= TASK BRIEF =
Only the pictures are to be dropped, and the rest of the data should be copied exactly.

[[ EXCERPTED RECORDS, beginning ]]

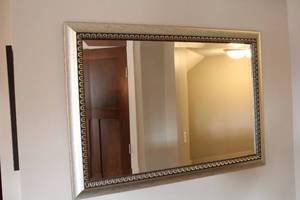 lot 111 image: Large Decorative Wall Mirror with Elegant Frame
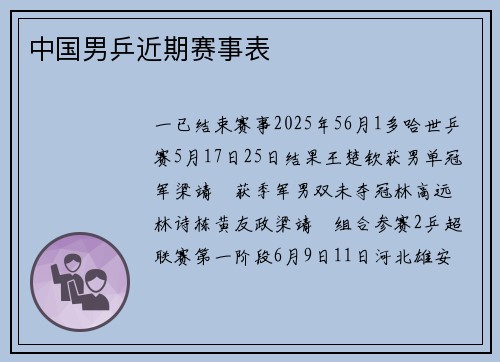 中国男乒近期赛事表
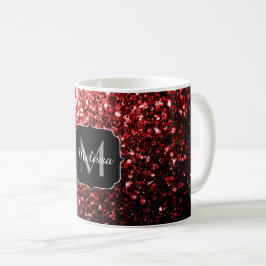 Dunkelrote Imitate Glitzer Glitzern Glamour Monogr Kaffeetasse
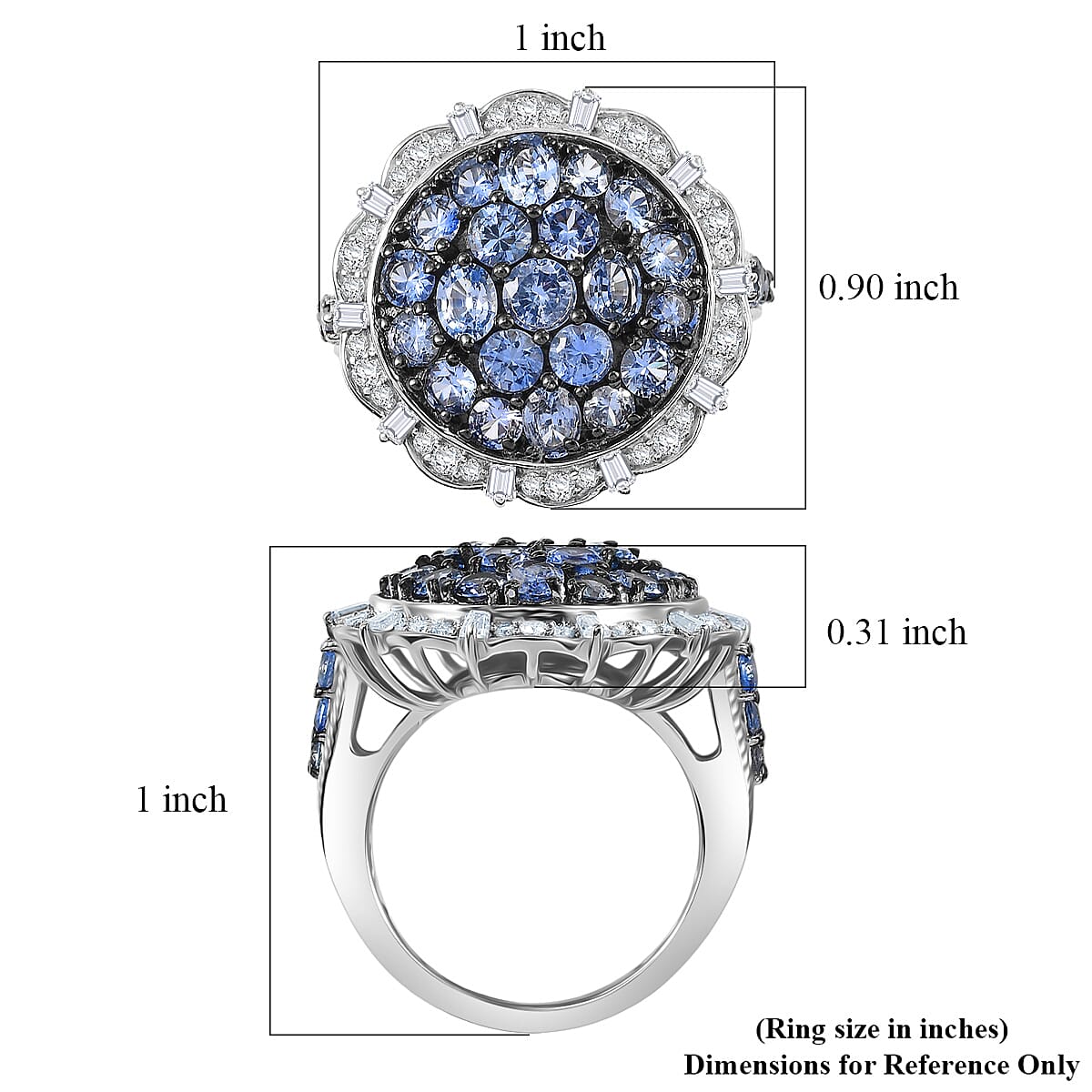 D'Joy Ceylon  Blue Sapphire, Moissanite Floral Bloom Ring in Rhodium Over Sterling Silver 4.25 ctw (Size 7.0) image number 5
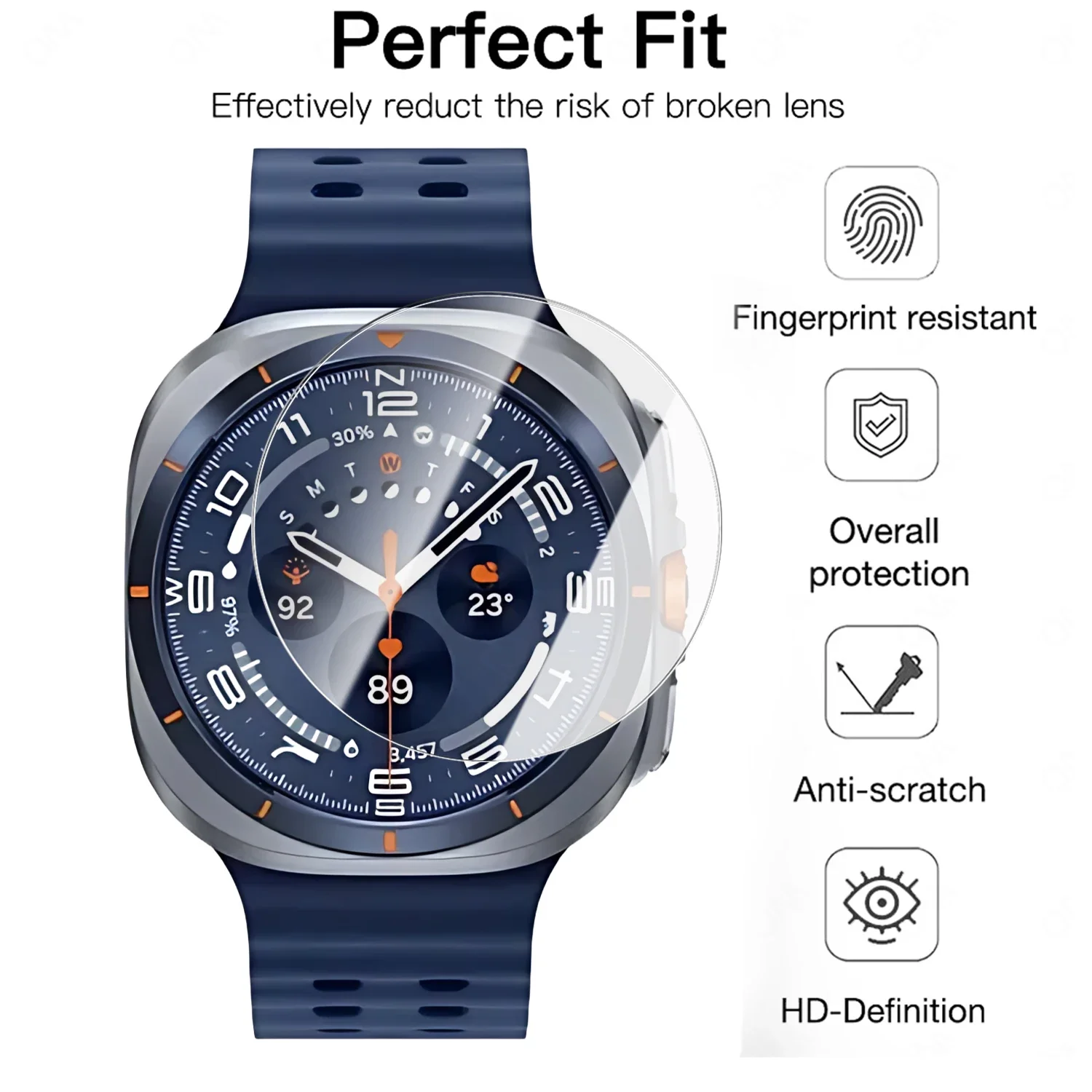 Vidrio templado fácil de instalar para Samsung Galaxy Watch 8Classic 46mm película protectora de pantalla para Galaxy Watch8 40 44mm Ultra 47mm - imagen 5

[[ EXCERPTED RECORDS, end ]]

= RESPONSE AREA =
 lot 111 image: Large Decorative Wall Mirror with Elegant Frame
 中国男乒近期赛事表
 Dunkelrote Imitate Glitzer Glitzern Glamour Monogr Kaffeetasse
 D'Joy Ceylon  Blue Sapphire, Moissanite Floral Bloom Ring in Rhodium Over Sterling Silver 4.25 ctw (Size 7.0) image number 5
 Vidrio templado fácil de instalar para Samsung Galaxy Watch 8Classic 46mm película protectora de pantalla para Galaxy Watch8 40 44mm Ultra 47mm - imagen 5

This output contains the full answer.